Matter of Bashir v Brunner |
2019 NY Slip Op 00746 |
Decided on February 1, 2019 |
Appellate Division, Fourth Department |
Published by New York State Law Reporting Bureau pursuant to Judiciary Law § 431. |
This opinion is uncorrected and subject to revision before publication in the Official Reports. |
Decided on February 1, 2019 SUPREME COURT OF THE STATE OF NEW YORK Appellate Division, Fourth Judicial Department
PRESENT: WHALEN, P.J., SMITH, PERADOTTO, DEJOSEPH, AND TROUTMAN, JJ.
1084 CAF 18-00025
v
CHRISTINE M. BRUNNER, RESPONDENT-APPELLANT.
SHEILA SULLIVAN DICKINSON, CANANDAIGUA, FOR RESPONDENT-APPELLANT.
Appeal from an order of the Family Court, Wayne County (Richard M. Healy, J.), entered November 13, 2017 in a proceeding pursuant to Family Court Act article 4. The order, among other things, denied respondent's objections to an order of the Support Magistrate.
It is hereby ORDERED that the order so appealed from is unanimously modified on the law by granting the second objection and vacating the first ordering paragraph of the order of the Support Magistrate, and as modified the order is affirmed without costs, and the matter is remitted to Family Court, Wayne County, for further proceedings in accordance with the following memorandum: In this proceeding pursuant to Family Court Act article 4, respondent mother appeals from an order that, among other things, denied her objections to the order of the Support Magistrate, entered after a hearing, that reduced the amount of petitioner father's child support obligation. Contrary to the mother's contention, Family Court properly denied the mother's first objection to that part of the Support Magistrate's order finding that the mother lived rent-free. It is well settled that " deference should be given to the credibility determinations of the [s]upport [m]agistrate, who was in the best position to evaluate the credibility of the witnesses' " (Matter of DaVolio v DaVolio, 101 AD3d 1120, 1121 [2d Dept 2012]; see Matter of Kasprowicz v Osgood, 101 AD3d 1760, 1761 [4th Dept 2012], lv denied 20 NY3d 863 [2013]; Matter of DeNoto v DeNoto, 96 AD3d 1646, 1648 [4th Dept 2012]).
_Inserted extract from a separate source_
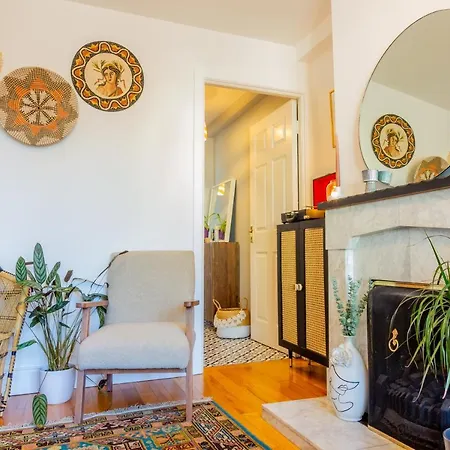 Guestready - Lovely In The Center Of Lejlighed *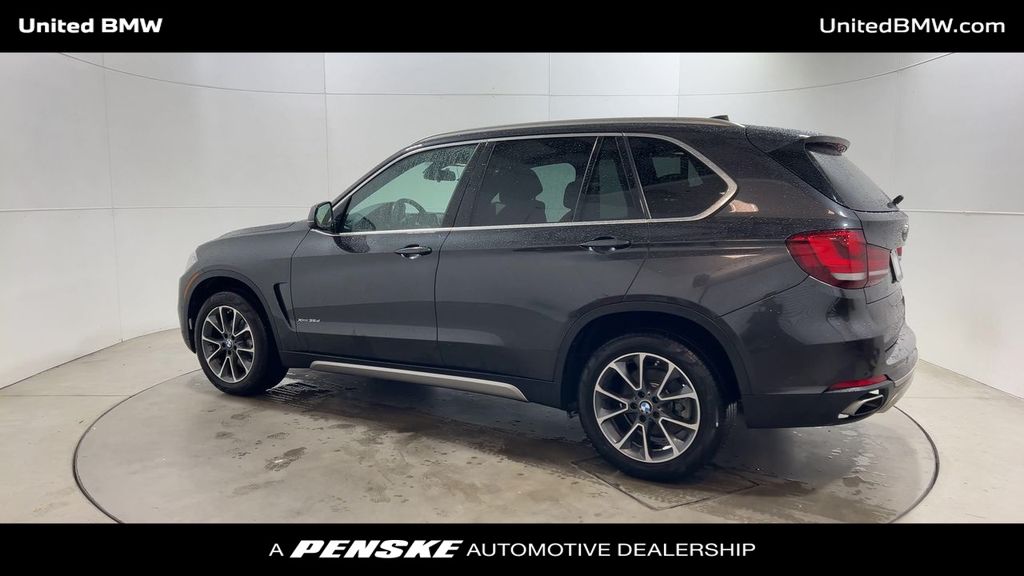2018 BMW X5 xDrive35d 6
Here, the Support Magistrate did not credit the mother's testimony that she paid rent when she was able to do so, and the court properly "deferred to the Support Magistrate's findings of fact and credibility determinations" with respect to that issue (DeNoto, 96 AD3d at 1648).
Contrary to the mother's further contention, the court properly denied her fourth objection to that part of the Support Magistrate's order imputing income to her as part of the determination whether to reduce the father's support obligation. It is well settled that "[t]he proper amount of support is not determined by a spouse's current economic situation but by a spouse's ability to provide" (Matter of Fries v Price-Yablin, 209 AD2d 1002, 1003 [4th Dept 1994]). Thus, a support magistrate "possess[es] considerable discretion to impute income in fashioning a child support award . . . [, and such an] imputation of income will not be disturbed so long as there is record support for [it]" (Matter of Muok v Muok, 138 AD3d 1458, 1459 [4th Dept 2016] [internal quotation marks omitted]). Here, the Support Magistrate imputed income to the mother based on the mother's termination of her employment. Although the mother testified that she was forced to leave her employment so that she could care for the children, whose child care costs she could no longer afford due to the father's temporary failure to pay child support, the Support Magistrate determined that the mother's testimony on that issue was not credible. We perceive "no reason on the record before us to disturb the findings of the Support Magistrate" (Matter of Natali v Natali, 30 AD3d 1010, 1012 [4th Dept 2006]).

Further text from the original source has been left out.